Exam 2 Study Guide: Chapters 7-10

  1. Suppose you were to collect data for a pair of variables and want to make a scatter plot. Which variable would you use as the explanatory variable and which as the response variable. Explain your choices. What would you expect to see in the scatter plot. Discuss the likely direction, form, and scatter. Look at problems 7.1-4
  2. Look at a plot of the residual vs the predicted value and tell what it indicates about the appropriateness of the linear model that was fit to the data. Explain more than "good fit" or "bad fit". Two parts. Look at problems 8.3-4
  3. Look at some scatter plots. Identify which plots show little or no association, negative association, linear association, moderately strong association, and very strong association. Then take the given values for the correlation coefficient and match them to the scatter plots. Look at problems 7.5-6 and 7.11-12.
  4. An introduction to the data and then the regression equation, table of coefficients, r-squared, and a residual plot from a regression problem are given. Describe the context of the data. Write a model to predict one of the variables. Explain whether or not a linear model is appropriate. Explain the reliability of the estimates. Find the residual for a given data point. Look at problems 8.8, 22, 26, 31.
  5. A table of coefficients and the analysis of variance table from a regression problem are given. Write a model to predict a variable's value. Interpret the slope for your model. Find the value of r2, compare all the information you have for this problem with the information for the last problem and determine which is a better model and explain why. Find the standard deviation of the response variable. Look at the problems mentioned for the last problem and especially classroom activity 2.
  6. A scatter plot with the regression line drawn on it is given. Each axis is centered about its mean and the tick marks are one standard deviation apart. A rise and run for the regression line are indicated on the graph. Find the standard deviation for the response and predictor variables. Use the graph to determine the slope of the line. Use algebra to find the equation of the best fit line. Use the equation to estimate the response variable for a given value of the predictor variable. Use algebra to find the correlation coefficient (formula is given to you). Look at the notes from class.
  7. Two scatter plots are given, one with an outlier and one without an outlier. The normal probability plots for the two models are also given as well as the regression equations and the value of r-squared. Compare the information given and decide which model would be better to use. Justify your answer. Look at problems 9.11-12
  8. Look at a scatter plot. Determine if the correlation would be strengthened or weakened if the outlier was removed. Is there a reasonable justification for removing the outlier? Explain. Look at problems 9.15-16
  9. A scatter plot is shown. Circle the outliers and put an X through the points that have high leverage. The plot also indicates two subsets of data. Draw and label three regression lines, one for all of the data and one for each subset. Decide whether or not the data should be subsetted.

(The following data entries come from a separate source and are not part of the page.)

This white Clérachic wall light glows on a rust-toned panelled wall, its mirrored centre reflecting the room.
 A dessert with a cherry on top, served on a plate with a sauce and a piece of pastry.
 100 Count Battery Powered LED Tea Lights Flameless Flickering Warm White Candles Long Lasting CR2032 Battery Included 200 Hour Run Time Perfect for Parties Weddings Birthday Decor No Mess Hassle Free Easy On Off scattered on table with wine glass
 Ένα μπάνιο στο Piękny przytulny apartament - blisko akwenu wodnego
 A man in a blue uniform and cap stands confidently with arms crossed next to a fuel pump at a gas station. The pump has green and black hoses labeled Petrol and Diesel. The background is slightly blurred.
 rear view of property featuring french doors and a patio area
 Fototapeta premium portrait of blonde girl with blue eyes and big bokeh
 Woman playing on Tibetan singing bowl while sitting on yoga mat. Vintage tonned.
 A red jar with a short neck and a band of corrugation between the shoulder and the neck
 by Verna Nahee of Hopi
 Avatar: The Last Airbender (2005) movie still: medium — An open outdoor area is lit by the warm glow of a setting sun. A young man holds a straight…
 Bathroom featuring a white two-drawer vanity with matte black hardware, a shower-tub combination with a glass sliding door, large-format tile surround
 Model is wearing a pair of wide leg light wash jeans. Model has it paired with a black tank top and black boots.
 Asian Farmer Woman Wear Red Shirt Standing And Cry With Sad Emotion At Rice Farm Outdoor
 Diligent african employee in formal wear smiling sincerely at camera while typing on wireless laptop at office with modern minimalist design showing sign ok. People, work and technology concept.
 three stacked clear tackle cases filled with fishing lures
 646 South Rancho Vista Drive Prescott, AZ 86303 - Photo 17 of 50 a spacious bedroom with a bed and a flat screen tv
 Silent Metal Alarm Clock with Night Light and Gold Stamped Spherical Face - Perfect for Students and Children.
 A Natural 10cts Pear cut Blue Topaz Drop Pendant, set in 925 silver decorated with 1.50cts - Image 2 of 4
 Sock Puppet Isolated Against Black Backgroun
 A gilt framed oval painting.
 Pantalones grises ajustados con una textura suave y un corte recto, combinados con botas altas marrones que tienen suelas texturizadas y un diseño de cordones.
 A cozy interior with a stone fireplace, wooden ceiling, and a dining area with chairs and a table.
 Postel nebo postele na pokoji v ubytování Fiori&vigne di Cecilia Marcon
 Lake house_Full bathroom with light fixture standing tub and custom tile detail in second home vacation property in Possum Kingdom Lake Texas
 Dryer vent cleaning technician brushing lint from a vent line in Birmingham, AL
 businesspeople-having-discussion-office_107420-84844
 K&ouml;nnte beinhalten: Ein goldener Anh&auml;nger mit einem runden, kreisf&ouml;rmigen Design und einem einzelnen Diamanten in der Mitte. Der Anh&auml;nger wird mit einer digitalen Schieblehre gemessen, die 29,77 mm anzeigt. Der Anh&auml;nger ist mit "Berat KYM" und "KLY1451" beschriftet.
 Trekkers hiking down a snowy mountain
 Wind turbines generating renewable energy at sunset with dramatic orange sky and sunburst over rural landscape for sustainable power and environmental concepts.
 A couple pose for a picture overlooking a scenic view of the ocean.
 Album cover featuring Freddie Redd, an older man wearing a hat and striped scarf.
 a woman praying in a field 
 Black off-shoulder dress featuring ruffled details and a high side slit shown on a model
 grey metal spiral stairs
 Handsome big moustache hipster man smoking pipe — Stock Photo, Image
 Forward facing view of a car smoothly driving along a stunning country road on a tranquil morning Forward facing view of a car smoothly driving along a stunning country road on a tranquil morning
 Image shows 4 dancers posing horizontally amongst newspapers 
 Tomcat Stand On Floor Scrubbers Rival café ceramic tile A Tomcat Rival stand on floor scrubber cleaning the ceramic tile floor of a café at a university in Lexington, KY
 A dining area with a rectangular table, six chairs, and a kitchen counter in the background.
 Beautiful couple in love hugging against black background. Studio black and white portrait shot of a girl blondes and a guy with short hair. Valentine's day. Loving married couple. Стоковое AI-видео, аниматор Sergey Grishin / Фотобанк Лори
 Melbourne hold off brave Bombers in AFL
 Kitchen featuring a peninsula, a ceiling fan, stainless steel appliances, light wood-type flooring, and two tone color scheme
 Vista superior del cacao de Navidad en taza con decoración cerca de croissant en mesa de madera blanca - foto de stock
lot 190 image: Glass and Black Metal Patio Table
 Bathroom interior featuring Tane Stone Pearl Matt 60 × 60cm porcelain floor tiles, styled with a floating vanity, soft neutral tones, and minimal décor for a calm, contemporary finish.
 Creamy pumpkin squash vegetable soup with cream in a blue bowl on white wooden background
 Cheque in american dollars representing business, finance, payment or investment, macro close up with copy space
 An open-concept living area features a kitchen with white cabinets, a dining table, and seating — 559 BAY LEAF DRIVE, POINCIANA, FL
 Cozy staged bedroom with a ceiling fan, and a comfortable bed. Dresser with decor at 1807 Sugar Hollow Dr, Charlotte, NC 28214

Explain your reasoning. Read the section on subsets in chapter 9.
  10. Six scatter plots and regression equations are generated for a set of data, one for each power in the ladder of powers. Determine which model is the best model. The regression equation is given as a power, you should write it mathematically on your test (for example, the 1/2 power is the square root and the 0 power means log [for the ladder]). Use the best model to predict a value, this will require that you know how to solve for the response variable and undo the transformation. Look at problems 10.4-8, 13-19

Notes

Points per problem

# 1 2 3 4 5 6 7 8 9 10 Total
Pts 8 8 13 14 12 14 7 8 8 8 100